Task brief: In full and without alteration, print the entries.

**** Recorded information ****

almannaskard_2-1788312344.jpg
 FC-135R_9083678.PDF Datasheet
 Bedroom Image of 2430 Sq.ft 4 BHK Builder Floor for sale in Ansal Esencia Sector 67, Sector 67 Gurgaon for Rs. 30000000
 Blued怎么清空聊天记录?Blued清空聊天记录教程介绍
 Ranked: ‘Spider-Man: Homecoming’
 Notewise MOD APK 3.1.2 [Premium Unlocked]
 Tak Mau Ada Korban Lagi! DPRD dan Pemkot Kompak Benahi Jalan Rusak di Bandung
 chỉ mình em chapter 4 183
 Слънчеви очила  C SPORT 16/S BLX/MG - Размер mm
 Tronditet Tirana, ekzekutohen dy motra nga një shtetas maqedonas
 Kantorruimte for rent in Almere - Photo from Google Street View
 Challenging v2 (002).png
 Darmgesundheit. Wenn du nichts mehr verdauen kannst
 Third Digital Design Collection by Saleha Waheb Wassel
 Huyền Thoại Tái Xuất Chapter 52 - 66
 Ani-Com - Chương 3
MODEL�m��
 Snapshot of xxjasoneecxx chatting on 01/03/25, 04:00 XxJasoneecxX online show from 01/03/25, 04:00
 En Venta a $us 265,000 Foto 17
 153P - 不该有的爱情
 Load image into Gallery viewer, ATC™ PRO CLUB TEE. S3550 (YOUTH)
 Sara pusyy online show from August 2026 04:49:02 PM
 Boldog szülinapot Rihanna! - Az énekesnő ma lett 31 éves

****

Written response:
almannaskard_2-1788312344.jpg
 FC-135R_9083678.PDF Datasheet
 Bedroom Image of 2430 Sq.ft 4 BHK Builder Floor for sale in Ansal Esencia Sector 67, Sector 67 Gurgaon for Rs. 30000000
 Blued怎么清空聊天记录?Blued清空聊天记录教程介绍
 Ranked: ‘Spider-Man: Homecoming’
 Notewise MOD APK 3.1.2 [Premium Unlocked]
 Tak Mau Ada Korban Lagi! DPRD dan Pemkot Kompak Benahi Jalan Rusak di Bandung
 chỉ mình em chapter 4 183
 Слънчеви очила  C SPORT 16/S BLX/MG - Размер mm
 Tronditet Tirana, ekzekutohen dy motra nga një shtetas maqedonas
 Kantorruimte for rent in Almere - Photo from Google Street View
 Challenging v2 (002).png
 Darmgesundheit. Wenn du nichts mehr verdauen kannst
 Third Digital Design Collection by Saleha Waheb Wassel
 Huyền Thoại Tái Xuất Chapter 52 - 66
 Ani-Com - Chương 3
MODEL�m��
 Snapshot of xxjasoneecxx chatting on 01/03/25, 04:00 XxJasoneecxX online show from 01/03/25, 04:00
 En Venta a $us 265,000 Foto 17
 153P - 不该有的爱情
 Load image into Gallery viewer, ATC™ PRO CLUB TEE. S3550 (YOUTH)
 Sara pusyy online show from August 2026 04:49:02 PM
 Boldog szülinapot Rihanna! - Az énekesnő ma lett 31 éves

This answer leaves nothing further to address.